|The proposed Cook Inlet Coal-to-Liquids Project. Click to enlarge.|
The Alaska Commerce Journal reports that Chinese Petroleum Corp. (CPC) of Taiwan will kick in $1.5 million to co-fund a preliminary feasibility study for an 80,000-barrel-per-day coal-to-liquids fuels plant near the Beluga coal fields on the west side of Cook Inlet, in Southcentral Alaska.
CPC is working with the Alaska Industrial Development and Export Authority (AIDEA) and Alaska Natural Resources-to-Liquids, LLC (ANRTL), an Alaska Fischer-Tropsch firm.
The Beluga coal fields have an estimated 1 billion tons of coal resources. If built, the plant would have projected capital costs of $5 billion or more.
The Alaska project may involve Shell or Sasol as technology providers, according to Richard Peterson, president of ANRTL. Seventy-five percent of the projected product would be FT diesel fuel, 20 percent would be naphtha and 6 percent would be LPGs, or liquefied petroleum gases.

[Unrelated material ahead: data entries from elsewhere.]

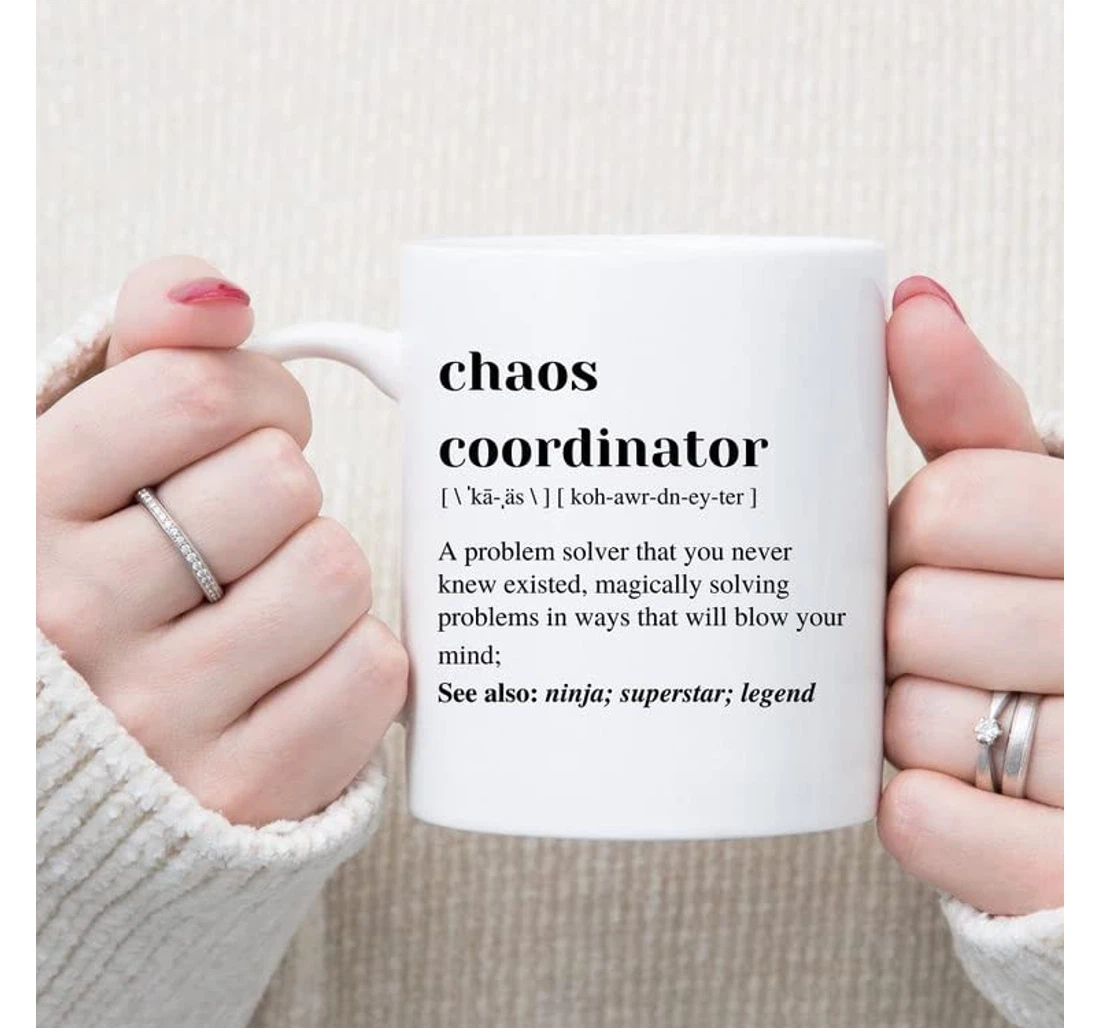 Zuhause Manager Chaos Coordinator Boss Funny Boss Day Project Manager Office Manager Appreciation Ceramic Mug Print On Both Sides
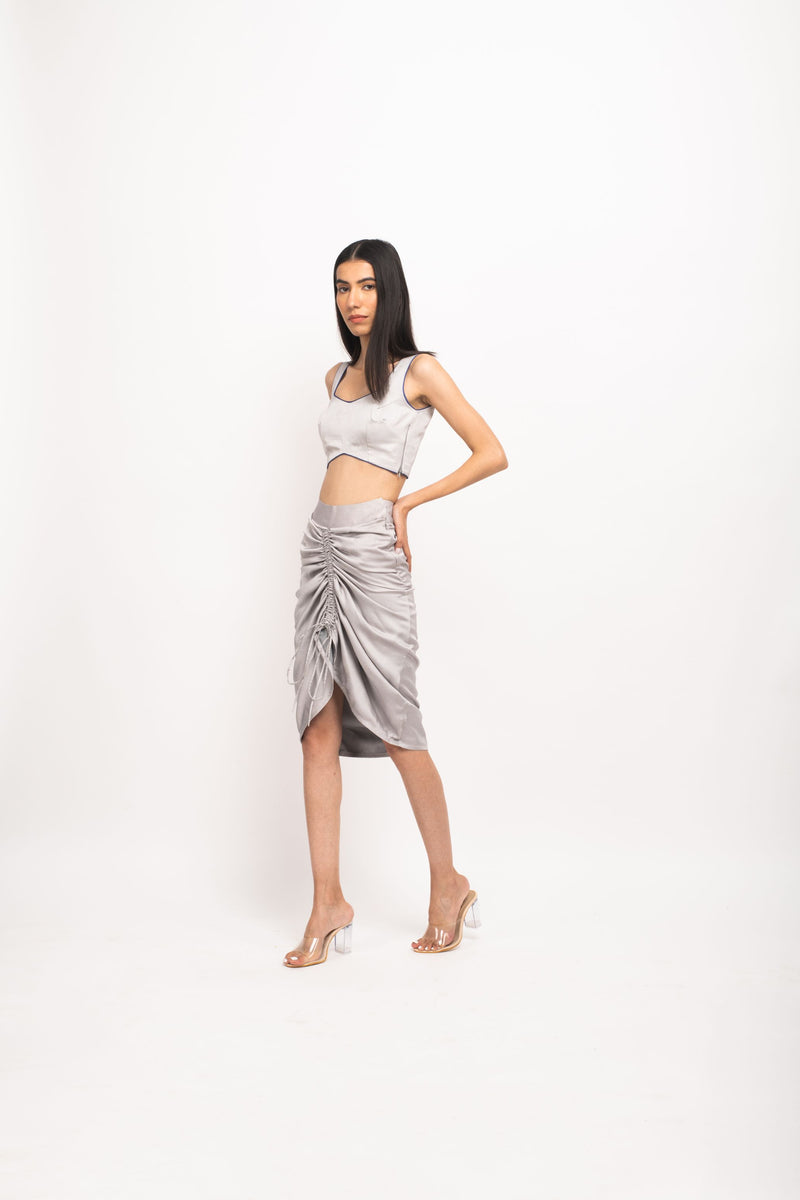 Neora by Nehal Chopra Bemberg Modal Silk Grey-Blue Bustier Skirt Set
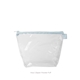 a clear bag & powder blue zipper tweedle dum cosmetic bag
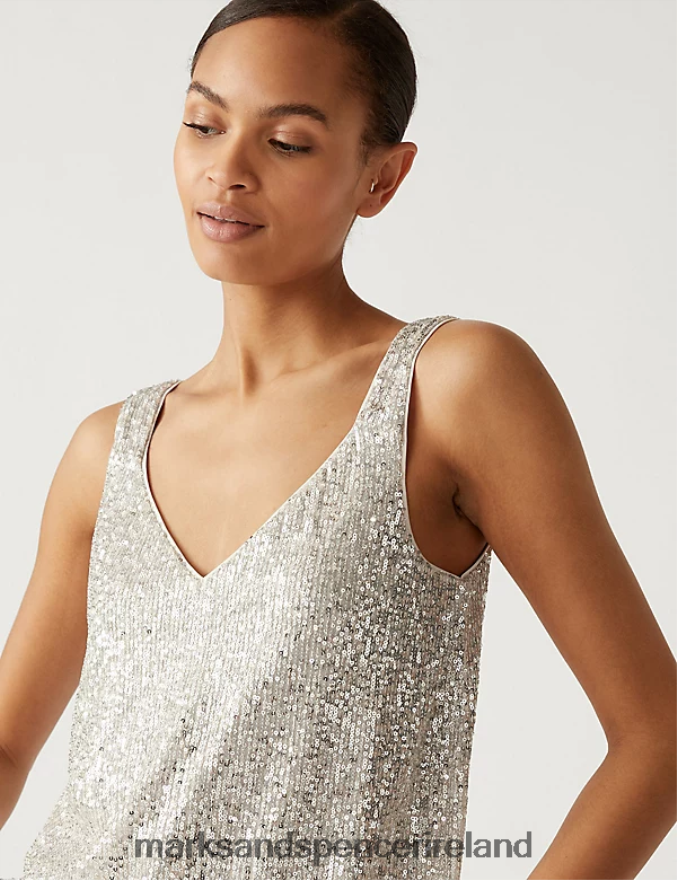 Marks & Spencer Women Sequin Cami Top Champagne Clothing 2VJ8DF2525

Carbon dioxide produced by the process would be captured and sequestered in the Cook inlet oil fields for enhanced oil recovery (EOR). Preliminary results from a US Department of Energy study indicate that a carbon dioxide, enhanced-oil-recovery project in Cook Inlet could result in an additional 300 million to 400 million barrels of oil from five producing fields.
Current oil production from the Cook inlet is 15,000 to 16,000 barrels per day. A CO2 EOR project could double the production and extend the lives of the mature fields by 20 to 25 years, according to the study.